* _Listed records_
# # # # #

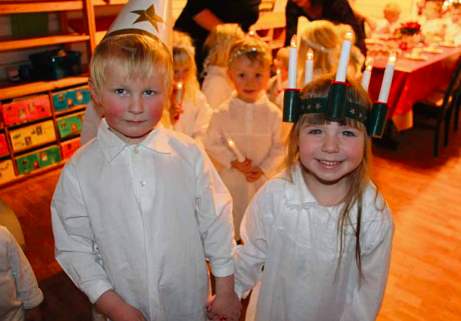 Amalie Brækkan Strand og Noah Hallan i fine luciakjoler i barnehagen for en god del år tilbake.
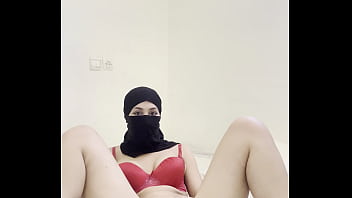 Niqab hijab arab girl masturbates pussy play clit rub erotic muslim solo fantasy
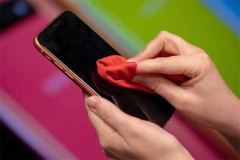 Xuất hiện video vệ sinh iPhone “rùng rợn”: Bạn có nghĩ iPhone của mình bị bẩn đến mức này không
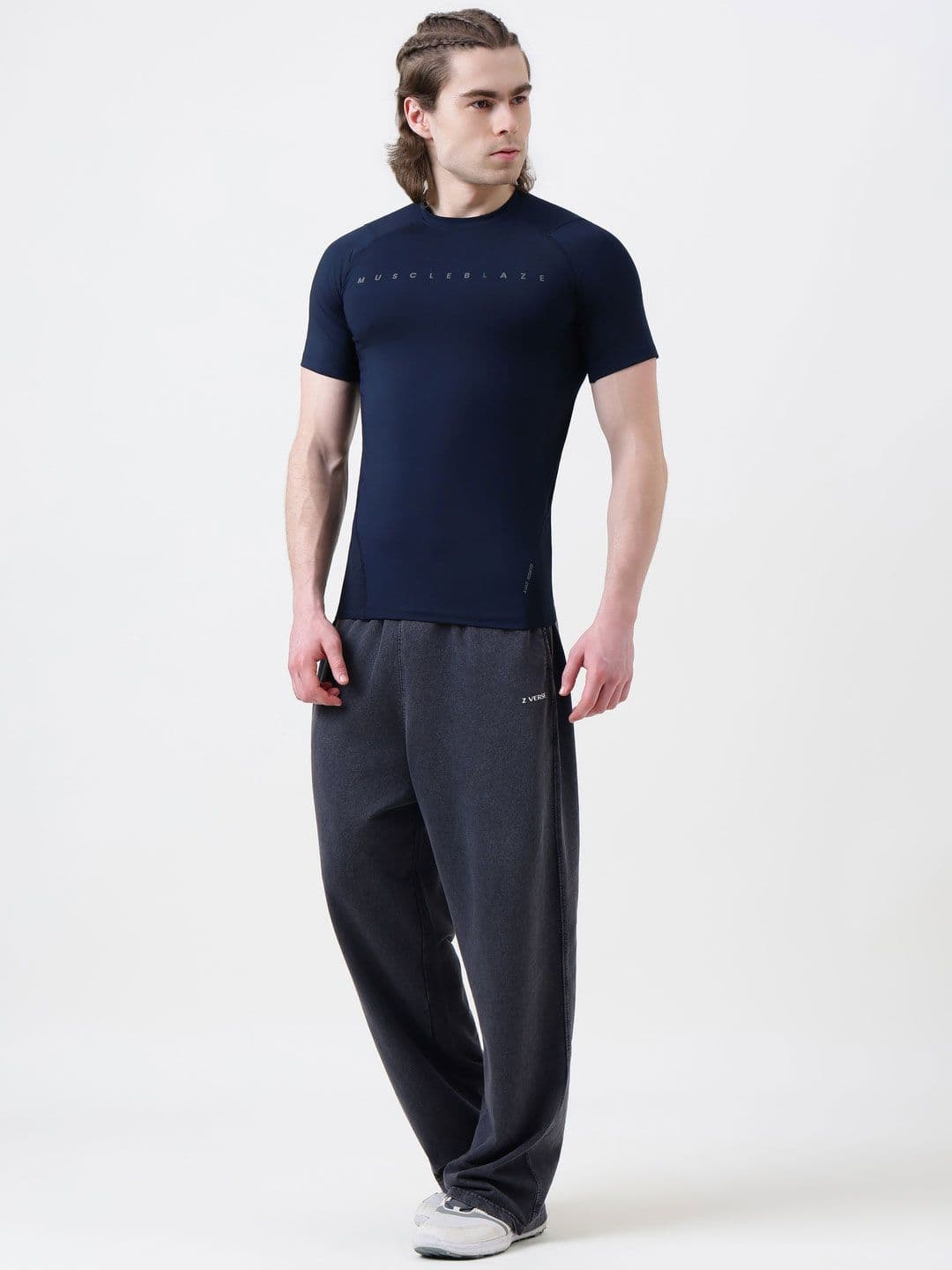 MuscleBlaze Unisex Brand Logo Printed Round Neck Compression T-shirt thumbnail 3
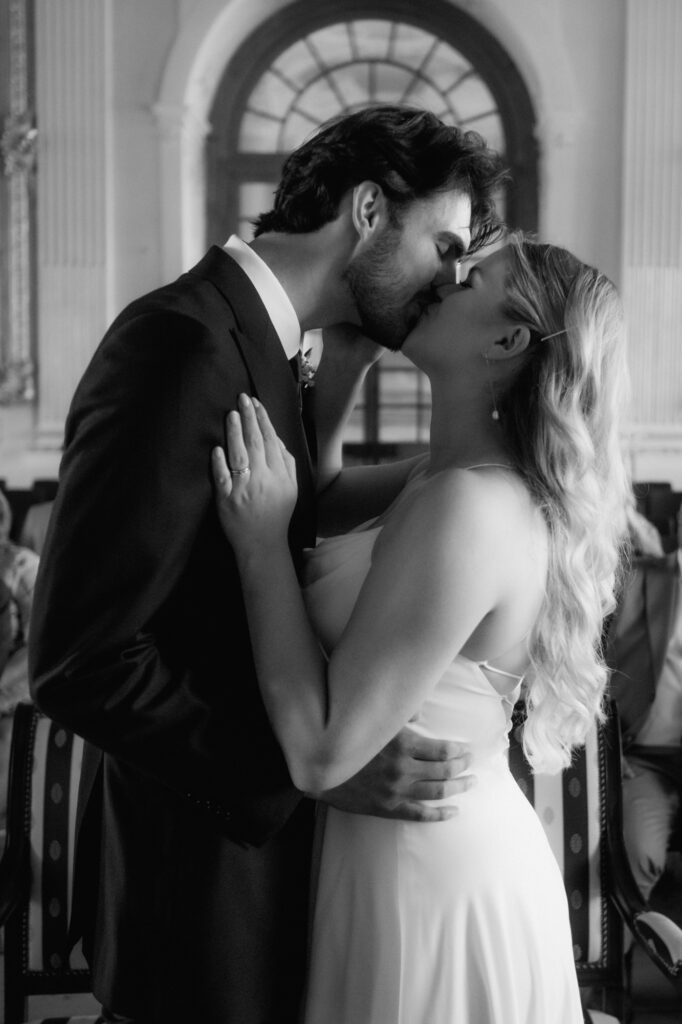 Nach dem Ja-Wort gibt sich das Hochzeitspaar den ersten Kuss als Eheleute.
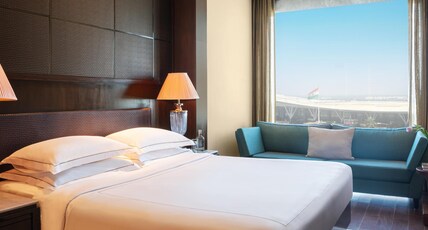 Taj Bangalore Room Type - Luxury Suite with Exclusive Club Lounge Access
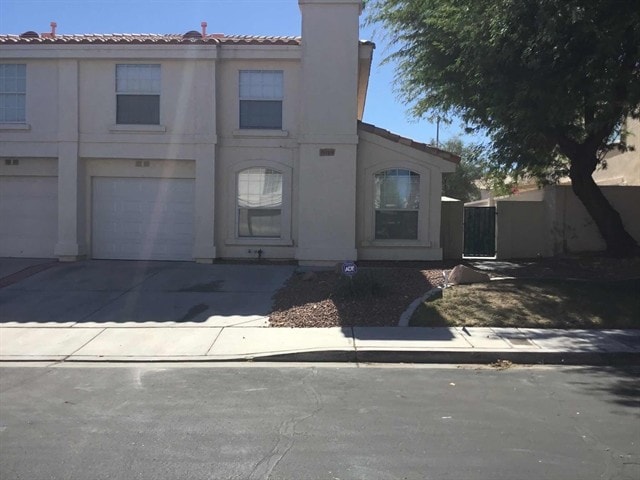 Building Photo - 8019 Dorinda Ave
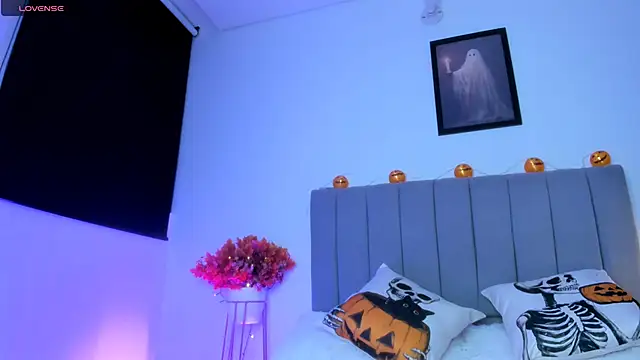 sophie_connors live cam on StripChat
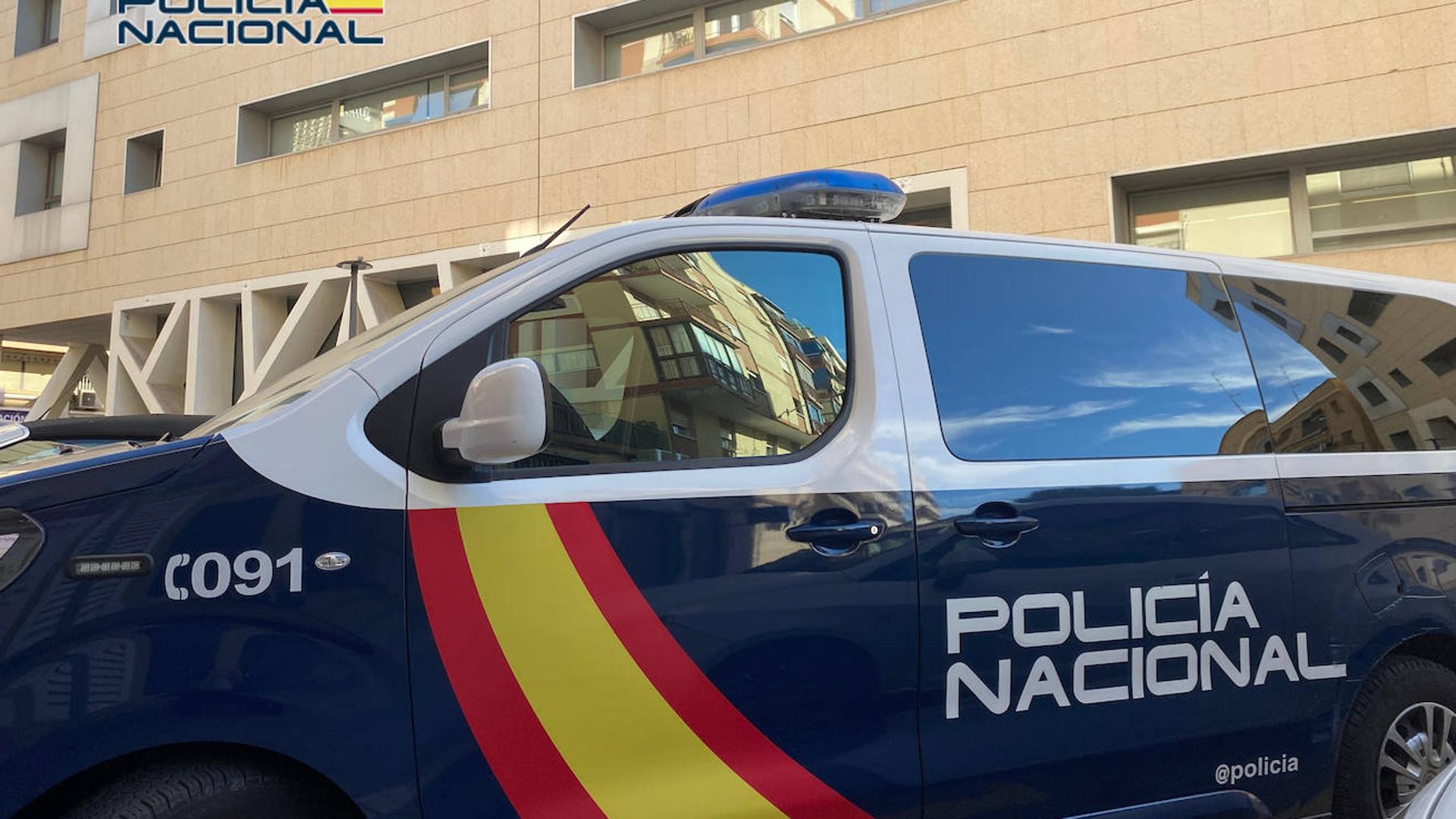 Tres Detenidos En Alicante Por Extorsionar Y Amenazar Durante Un A O A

# # # # #

* _Your instructions_
Output the lines above in full and exactly. Leave out every picture.

* _Reply to the task_
 Amalie Brækkan Strand og Noah Hallan i fine luciakjoler i barnehagen for en god del år tilbake.
 Niqab hijab arab girl masturbates pussy play clit rub erotic muslim solo fantasy
 Xuất hiện video vệ sinh iPhone “rùng rợn”: Bạn có nghĩ iPhone của mình bị bẩn đến mức này không
 MuscleBlaze Unisex Brand Logo Printed Round Neck Compression T-shirt thumbnail 3
 Nach dem Ja-Wort gibt sich das Hochzeitspaar den ersten Kuss als Eheleute.
 Taj Bangalore Room Type - Luxury Suite with Exclusive Club Lounge Access
 Building Photo - 8019 Dorinda Ave
 sophie_connors live cam on StripChat
 Tres Detenidos En Alicante Por Extorsionar Y Amenazar Durante Un A O A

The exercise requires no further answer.